2. Recent Accounting Changes
     In September 2006, the Financial Accounting Standards Board (the “FASB”) issued Statement of Financial Accounting Standards (“SFAS”) No. 157, Fair Value Measurements (“SFAS 157”), which defines fair value, establishes a framework for measuring fair value in accordance with GAAP, and expands disclosures about fair value measurements. SFAS 157 was effective January 1, 2008 for the Company. On February 12, 2008 the FASB issued FASB Position No. FAS 157-2, “Effective Date of FASB Statement No. 157,” delaying the effective date by one year for non-financial assets and non-financial liabilities, except for items that are recognized or disclosed at fair value in the financial statements on a recurring basis. The implementation of SFAS 157 for financial assets and financial liabilities did not have a material impact on the Company’s Consolidated Financial Statements. The Company is still evaluating the impact of SFAS 157 for non-financial assets and non-financial liabilities on its Consolidated Financial Statements.

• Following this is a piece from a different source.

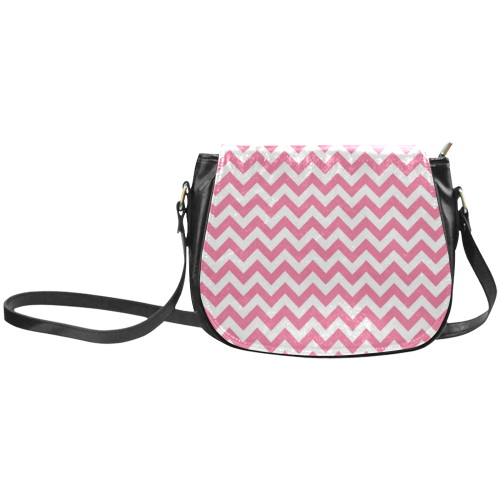 Pink and white zigzag chevron Classic Saddle Bag/Large (Model 1648)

     In February 2007, the FASB issued SFAS No. 159, The Fair Value Option for Financial Assets and Financial Liabilities Including an amendment of FASB No. 115 (“SFAS 159”), which permits entities to choose to measure many financial instruments and certain other items at fair value. The objective is to improve financial reporting by mitigating volatility in reported earnings caused by measuring related assets and liabilities separately. SFAS 159 was effective as of January 1, 2008 for the Company. The Company did not adopt the fair value option permitted under this statement.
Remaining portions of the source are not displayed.